- [WHAT IS NEEDED]: Each line in the data must be reproduced as written, except for any picture.

- [INFORMATION SHOWN]:
=== Section Start ===

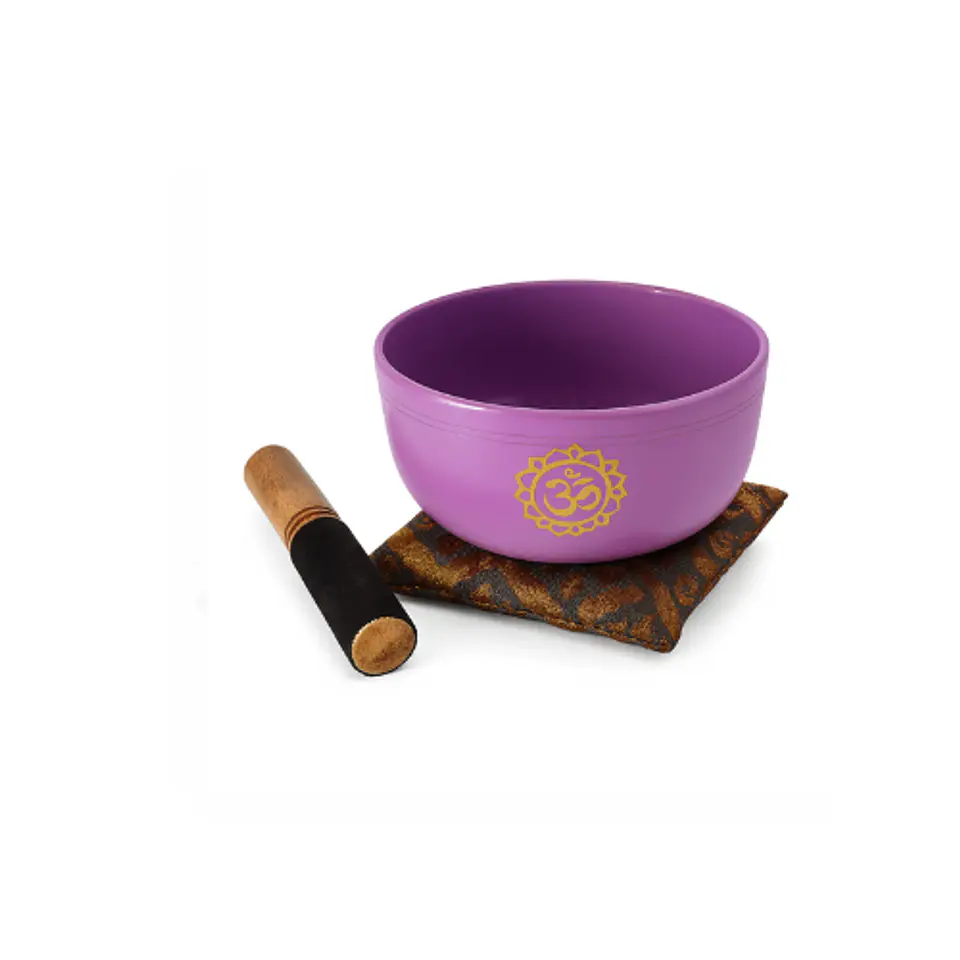 Cuenco Tibetano Morado 14 cm 1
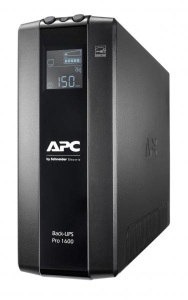 UPS Pro BR 1600VA 8 Outlets  AVR  LCD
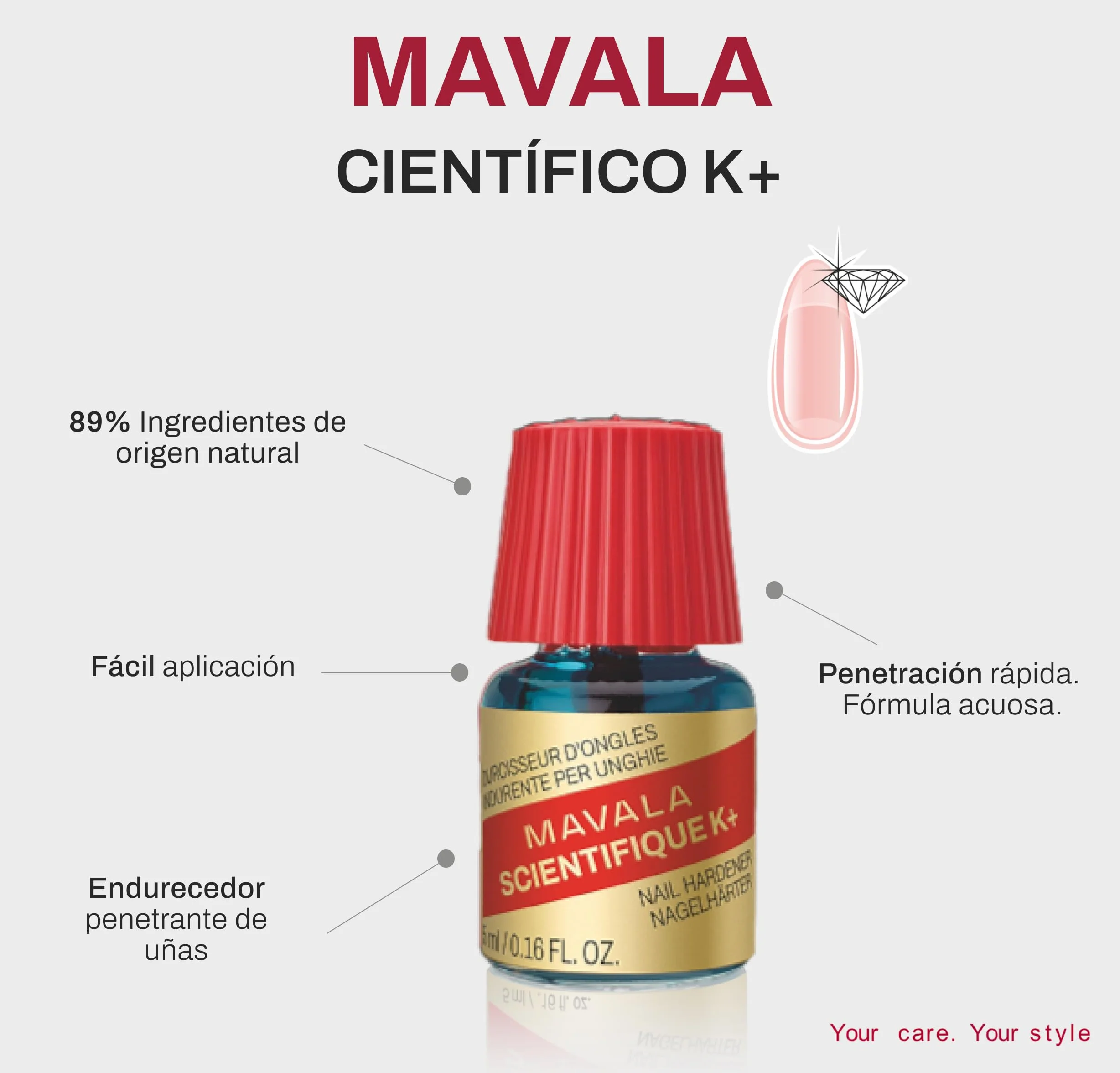 Mavala Scientifique Indurente 5 Ml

=== Section End ===

- [EXERCISE RESPONSE]:
 Cuenco Tibetano Morado 14 cm 1
 UPS Pro BR 1600VA 8 Outlets  AVR  LCD
 Mavala Scientifique Indurente 5 Ml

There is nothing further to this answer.